Menendez Blasts Trump Admin for Loosening Export Controls on Semi-Automatic Arms and Sniper Rifles for Export

Menendez Blasts Trump Admin for Loosening Export Controls on Semi-Automatic Arms and Sniper Rifles for Export

 

NEWARK – U.S. Senator Bob Menendez (D-N.J.), Ranking Member of the Senate Foreign Relations Committee, issued the following statement after the Trump Administration formally announced on Friday that it was moving forward with its plans to drastically weaken U.S. firearms export regulations despite the Senator’s official hold.   

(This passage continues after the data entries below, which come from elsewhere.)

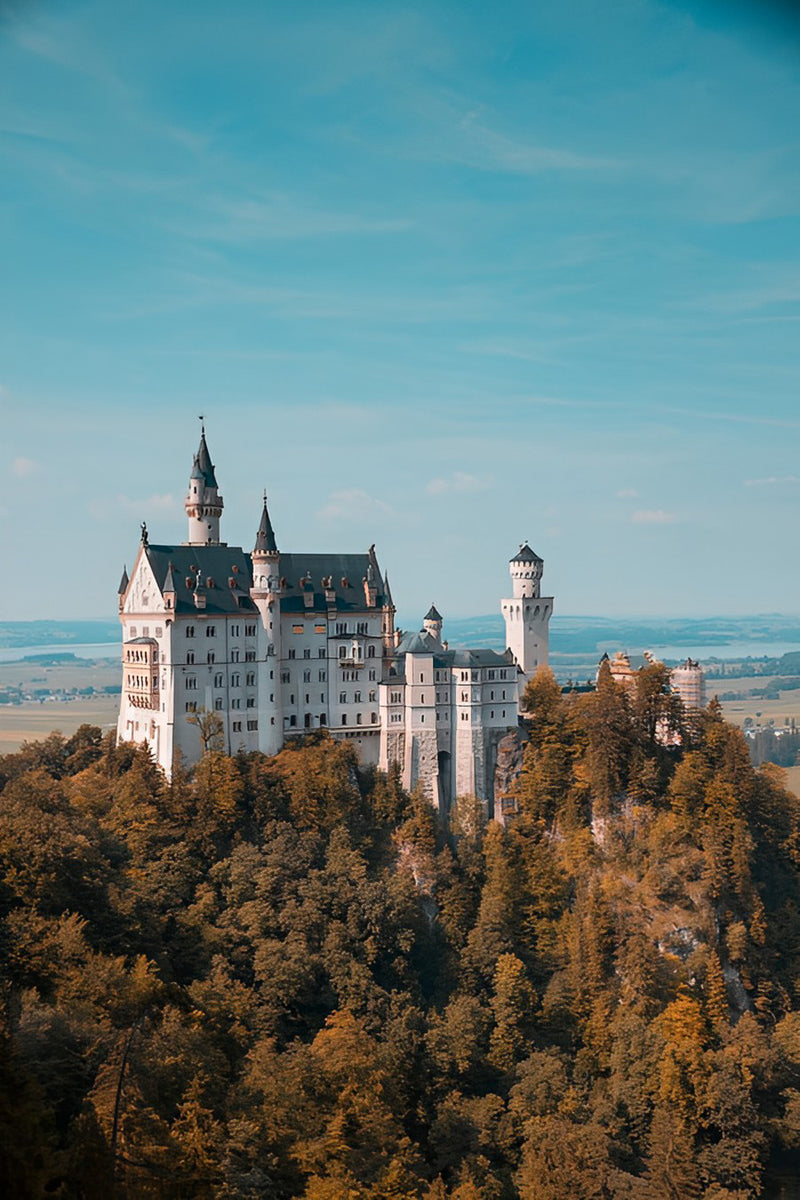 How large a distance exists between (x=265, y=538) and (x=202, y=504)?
293 inches

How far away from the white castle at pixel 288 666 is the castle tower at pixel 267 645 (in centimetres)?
6

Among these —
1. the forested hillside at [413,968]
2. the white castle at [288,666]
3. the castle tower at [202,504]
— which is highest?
the castle tower at [202,504]

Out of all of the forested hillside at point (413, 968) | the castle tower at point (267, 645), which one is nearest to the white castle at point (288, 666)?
the castle tower at point (267, 645)

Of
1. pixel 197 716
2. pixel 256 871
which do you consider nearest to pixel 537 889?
pixel 256 871

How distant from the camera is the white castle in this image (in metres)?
82.2

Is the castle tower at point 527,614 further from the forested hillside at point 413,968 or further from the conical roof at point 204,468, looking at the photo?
the conical roof at point 204,468

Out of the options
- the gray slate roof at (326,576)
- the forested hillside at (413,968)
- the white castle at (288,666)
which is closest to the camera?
the forested hillside at (413,968)

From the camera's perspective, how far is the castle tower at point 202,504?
90125 mm

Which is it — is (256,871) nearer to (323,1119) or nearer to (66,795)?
(66,795)

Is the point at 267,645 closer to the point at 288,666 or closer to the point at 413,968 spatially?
the point at 288,666

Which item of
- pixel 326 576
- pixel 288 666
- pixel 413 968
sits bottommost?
pixel 413 968

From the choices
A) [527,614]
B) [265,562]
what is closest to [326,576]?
[265,562]

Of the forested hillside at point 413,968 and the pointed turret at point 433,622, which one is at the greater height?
the pointed turret at point 433,622

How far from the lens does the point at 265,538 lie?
279 feet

The move, which was being blocked by Menendez over concerns that the Trump Administration wanted to dilute congressional oversight of foreign sales of lethal weapons, loosens export controls on semi-automatic firearms and sniper rifles for export abroad by stripping oversight authority from the State Department’s Munitions List (USML). Future proposed sales will now be approved through a much less-strict system within the Commerce Department.

“Once again, we find ourselves shocked and saddened, and yet somehow unsurprised that the Administration is choosing a path that puts the gun industry’s profits ahead of the safety of families. This reckless decision not only makes it easier to export deadly firearms to human rights abusers; it removes these exports from Congressional oversight and disapproval.  

“Adding insult to injury, not only does today’s announcement ignore my objections as Ranking Member of the Senate Foreign Relations Committee, it is conveniently timed for the Administration’s representatives to tout the new rules at the annual gunmakers’ Las Vegas convention next week. 

“As I tried to repeatedly explain to the Trump Administration, semi-automatic firearms and ammunition – especially those derived from military models and widely in-use by military and security services – are uniquely dangerous. They are easily modified, diverted, and proliferated, and are the primary means of injury, death, and destruction in civil and military conflicts throughout the world. As such, they should be subject to more rigorous export controls and oversight, not less.”